Madeeha Subhan1*, Waleed Sadiq2 and Sanniyah Subhan3
1Capital Hospital, Islamabad, 44000, Pakistan
2Shifa International Hospital, Islamabad, 44000, Pakistan
3Quaid-i-Azam University, Islamabad, 44000, Pakistan
*Corresponding Author: Madeeha Subhan, Capital Hospital, Islamabad, 44000, Pakistan, Tel: 00923335634888, Email: madeehas99@gmail.com

Received: 31-Aug-2017 / Accepted Date: 24-Nov-2017 / Published Date: 28-Nov-2017 DOI: 10.4172/2161-0681.1000327

Abstract

Objective: To determine the variations in thyroid hormones, thyroid stimulating hormone and prolactin levels in females of our population.

Materials and methods:

Subject characteristics: Patients aged 13 to 60 years were studied for their hormonal profile. The inclusion criteria had patients with complaints of mild reproductive and thyroid dysfunction. Patients with severe disorders and cancerous conditions were excluded from the study.
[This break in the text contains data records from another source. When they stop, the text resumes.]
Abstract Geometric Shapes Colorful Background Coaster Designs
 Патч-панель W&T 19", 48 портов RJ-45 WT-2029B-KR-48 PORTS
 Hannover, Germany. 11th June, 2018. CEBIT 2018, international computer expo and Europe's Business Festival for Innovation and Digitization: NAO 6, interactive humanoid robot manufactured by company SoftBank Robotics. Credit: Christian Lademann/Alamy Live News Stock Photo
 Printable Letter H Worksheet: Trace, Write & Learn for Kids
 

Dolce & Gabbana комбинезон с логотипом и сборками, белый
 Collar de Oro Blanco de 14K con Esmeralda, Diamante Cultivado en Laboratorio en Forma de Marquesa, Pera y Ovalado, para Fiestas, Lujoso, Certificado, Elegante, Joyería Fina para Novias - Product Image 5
Blood sampling: 3 ml blood was drawn and transferred to clean test tubes. Blood was centrifuged at 3000 rpm for 10-15 min. Serum was separated and stored at -20°C.

Hormonal assay: Thyroid stimulating hormone (TSH), Prolactin, FT3 and FT4 were assayed in the serum. Equipment used in laboratory was Eclecsys 2010 (Roche). Principle of the hormonal test was based on ECL (Electrochemiluminescence). Standard kits by Roche were used for chemical analysis. The results were analyzed by using ANOVA in SPSS (version 10.0 for windows).

Results: A total of 97 patients were tested. The patients were divided into four major groups, showed overall nonsignificant variation in hormonal level for Prolactin, FT3 and FT4 (p>0.05). About 80% patients were found normal, in TSH estimation. Women from age 16-35 years old were greater in number than any other age group. Means for each hormone were non-significant at p=0.05.

Conclusion: Hyperprolactinemia causes reproductive disorders in women, early diagnosis and treatment of this disease is important. In conclusion estimation of prolactin and TSH levels might be considered essential in assessment of patient with fertility disorders.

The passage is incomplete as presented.